Starting from v0.9.0, BustAPI includes production-ready support for HTTP Range Requests. This enables: - Video Scrubbing: Users can jump to any part of a video instantly. - Resumable Downloads: Large file downloads can be paused and resumed. - Partal Content: Serving only requested byte ranges (HTTP 206).

This capability is powered by the Rust backend using actix-files, ensuring zero-copy efficiency.

Static File Streaming

Any file served from your static_folder automatically supports range requests.

Python
from bustapi import BustAPI

# Files in "static/" are automatically streamable
app = BustAPI(static_folder="static")

if __name__ == "__main__":
    app.run()

HTML5 Video Example

HTML
<video width="640" height="360" controls>
    <source src="/static/video.mp4" type="video/mp4">
    Your browser does not support the video tag.
</video>
The browser will automatically send Range: bytes=0- headers, and BustAPI will respond with 206 Partial Content.

Dynamic File Streaming

If you need to serve files dynamically (e.g., protected content, or files outside the static folder), use send_file.

Python
from bustapi import BustAPI, send_file

app = BustAPI()

@app.route("/video/<id>")
def stream_video(id):
    # Determine file path based on ID
    file_path = f"secure_storage/videos/{id}.mp4"

    # helper `send_file` returns a FileResponse
    return send_file(file_path, mimetype="video/mp4")

FileResponse Objects

You can also use FileResponse directly for more control:

Python
from bustapi import FileResponse

@app.route("/download")
def download_large_file():
    return FileResponse(
        path="data/dataset.csv",
        filename="custom_name.csv",
        media_type="text/csv",
        content_disposition_type="attachment"
    )

How It Works

  1. HEAD Requests: BustAPI automatically handles HEAD requests for all routes.

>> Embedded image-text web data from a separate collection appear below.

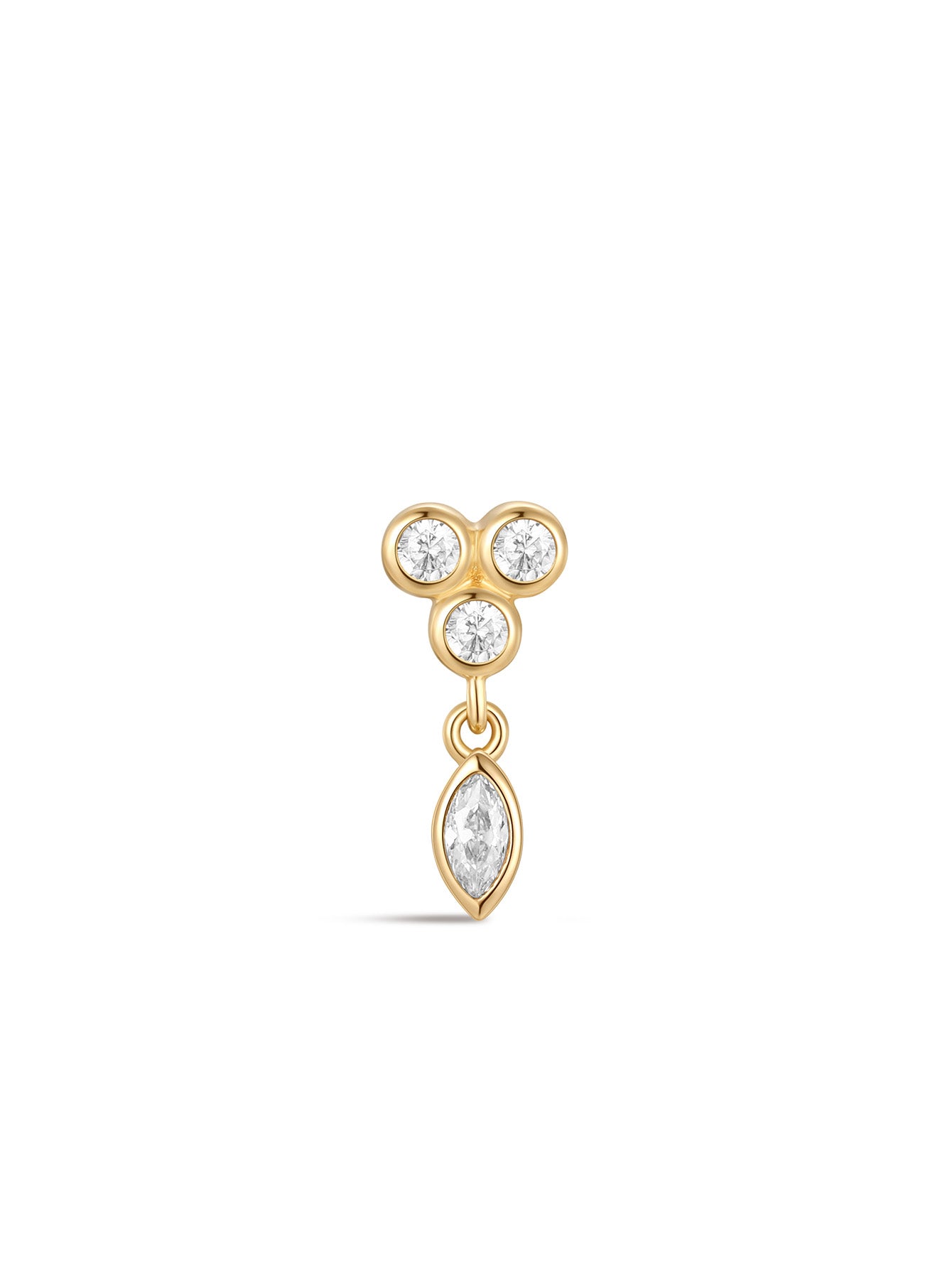 925 Sterling Silver Flower Border Pendant Ear Piercing Stud-aurivna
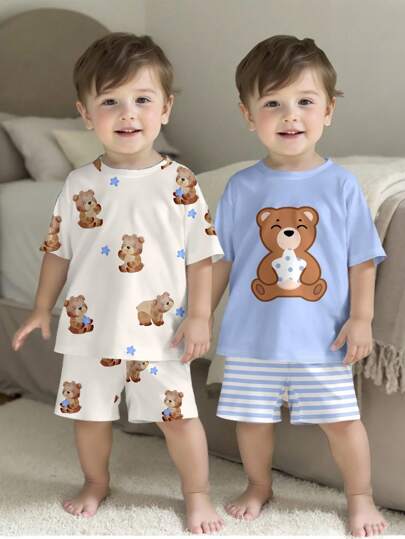 SHEIN 2pcs/Set Baby Boy Loose Casual Teddy Bear Print Pajama Set, Comfortable For Home Wear In Summer Toddler Summer Pajama Baby Boy Clothes With Bears Baby Boys 2pcs Toddler Sleepwear Baby Boy Pajamas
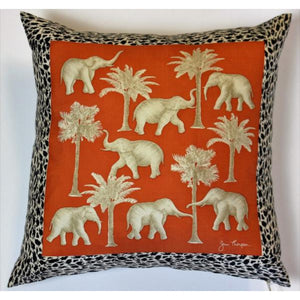 'Jim Thompson Thai Elephants & Palm Trees Orange Silk Pillow' (SOLD)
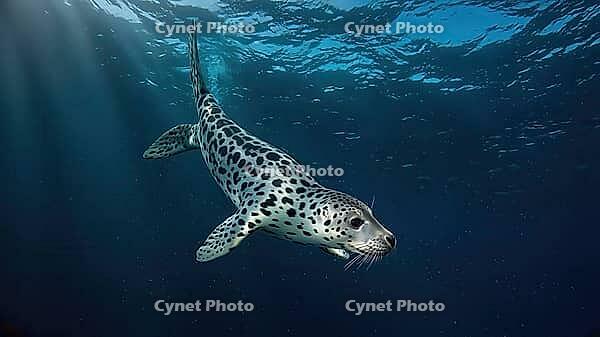 Harbor seal gliding gracefully underwater in deep blue waters, illuminated by gentle sunbeams filtering through the surface, AI generated [IBR125653428]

Browns use HEAD to check if a resource supports Accept-Ranges: bytes before sending a Range request.
  2. Actix-Files Integration: When a FileResponse is returned, the Rust backend hands off the file descriptor to actix-files::NamedFile, which efficiently handles the seeking and chunking logic at the OS level.
  3. Correct Status Codes:
    • 200 OK: Full file served.
    • 206 Partial Content: Byte range request served.
    • 416 Range Not Satisfiable: Invalid range requested.